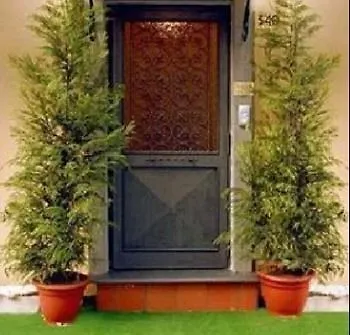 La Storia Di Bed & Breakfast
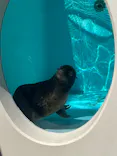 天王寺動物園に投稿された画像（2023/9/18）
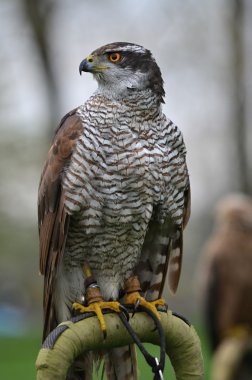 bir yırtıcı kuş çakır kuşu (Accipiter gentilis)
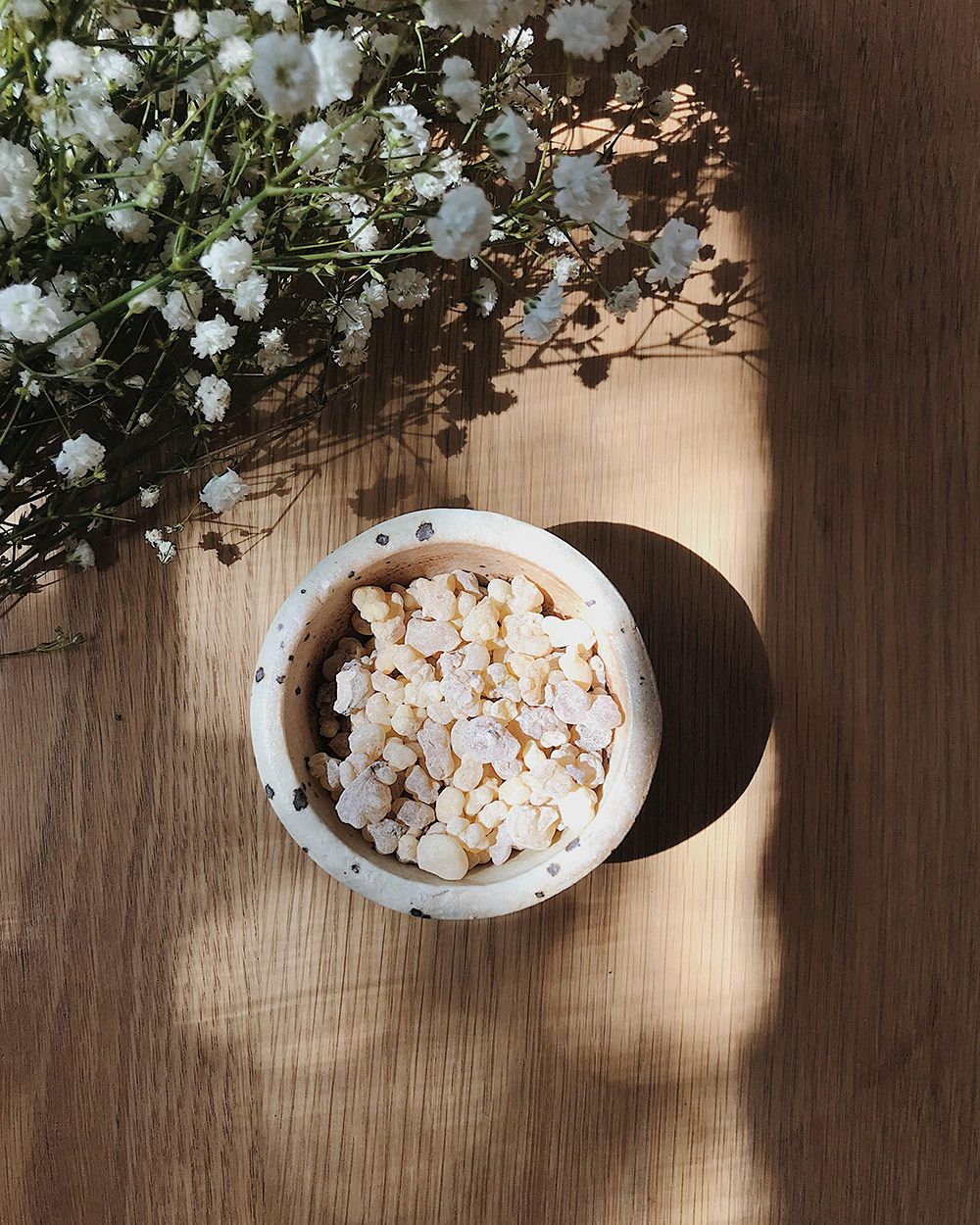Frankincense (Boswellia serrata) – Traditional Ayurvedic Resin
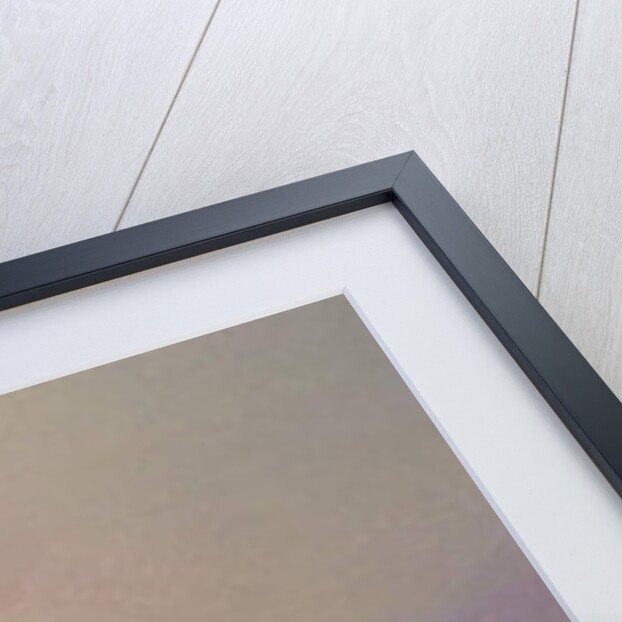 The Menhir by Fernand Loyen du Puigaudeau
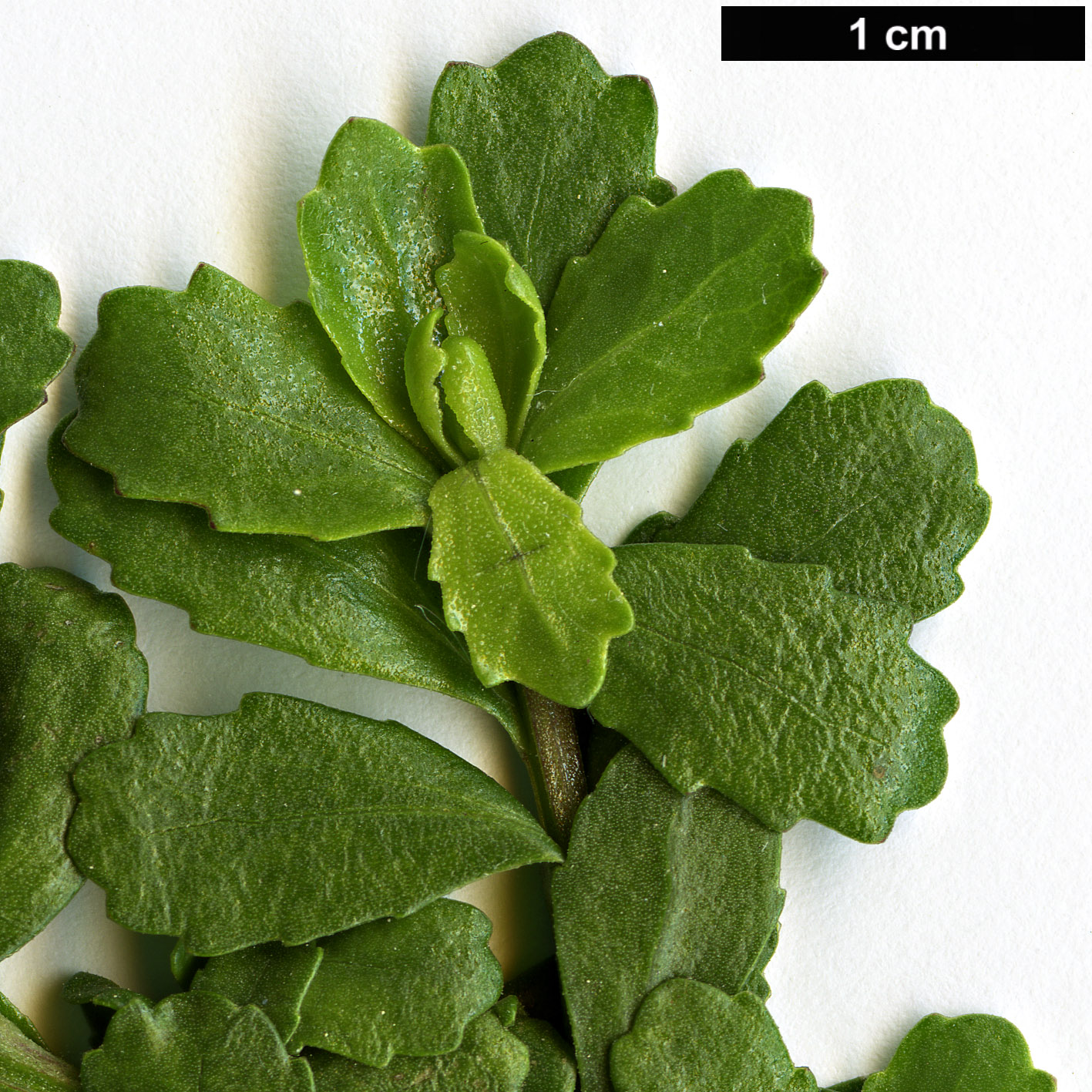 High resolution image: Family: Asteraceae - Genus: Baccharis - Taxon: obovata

• [Task details]:
All lines of the material above should be returned unchanged, but no pictures should be included.

• [Solution to the problem]:
 La Storia Di Bed & Breakfast
 天王寺動物園に投稿された画像（2023/9/18）
 bir yırtıcı kuş çakır kuşu (Accipiter gentilis)
Frankincense (Boswellia serrata) – Traditional Ayurvedic Resin
 The Menhir by Fernand Loyen du Puigaudeau
 High resolution image: Family: Asteraceae - Genus: Baccharis - Taxon: obovata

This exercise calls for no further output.